# Task item:
Find all lines below containing the string "Skirt" and return them.

# Listed records:

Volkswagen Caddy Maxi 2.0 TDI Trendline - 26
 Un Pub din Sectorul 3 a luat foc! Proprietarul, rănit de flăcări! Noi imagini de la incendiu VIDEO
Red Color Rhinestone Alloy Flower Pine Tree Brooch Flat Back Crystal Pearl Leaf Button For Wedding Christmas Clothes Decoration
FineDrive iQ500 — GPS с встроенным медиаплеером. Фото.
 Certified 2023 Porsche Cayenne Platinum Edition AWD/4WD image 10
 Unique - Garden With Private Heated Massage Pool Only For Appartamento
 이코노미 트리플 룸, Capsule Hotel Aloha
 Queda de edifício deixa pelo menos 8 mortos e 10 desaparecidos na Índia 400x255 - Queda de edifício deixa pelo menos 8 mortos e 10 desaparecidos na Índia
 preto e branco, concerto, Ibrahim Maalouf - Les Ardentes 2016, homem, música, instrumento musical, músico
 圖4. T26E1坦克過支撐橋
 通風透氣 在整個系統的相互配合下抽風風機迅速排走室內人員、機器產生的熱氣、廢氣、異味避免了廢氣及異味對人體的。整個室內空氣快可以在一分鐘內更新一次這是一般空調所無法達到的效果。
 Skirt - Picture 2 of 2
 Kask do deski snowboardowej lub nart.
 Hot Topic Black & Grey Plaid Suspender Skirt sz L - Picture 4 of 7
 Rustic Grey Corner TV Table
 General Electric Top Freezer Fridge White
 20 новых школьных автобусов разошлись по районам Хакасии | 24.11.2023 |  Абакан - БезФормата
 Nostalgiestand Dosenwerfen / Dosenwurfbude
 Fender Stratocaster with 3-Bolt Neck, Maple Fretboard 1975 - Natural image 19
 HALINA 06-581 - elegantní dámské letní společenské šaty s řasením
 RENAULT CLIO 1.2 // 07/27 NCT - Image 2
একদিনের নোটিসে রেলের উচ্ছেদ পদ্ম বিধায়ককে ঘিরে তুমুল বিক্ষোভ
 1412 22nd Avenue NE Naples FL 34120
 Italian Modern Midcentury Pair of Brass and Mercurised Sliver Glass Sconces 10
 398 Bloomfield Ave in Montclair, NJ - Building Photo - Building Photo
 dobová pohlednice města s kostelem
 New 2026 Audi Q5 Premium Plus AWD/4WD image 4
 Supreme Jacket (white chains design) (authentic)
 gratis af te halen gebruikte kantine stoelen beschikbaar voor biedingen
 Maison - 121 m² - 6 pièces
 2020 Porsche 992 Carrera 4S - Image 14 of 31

# Task result:
 Skirt - Picture 2 of 2
 Hot Topic Black & Grey Plaid Suspender Skirt sz L - Picture 4 of 7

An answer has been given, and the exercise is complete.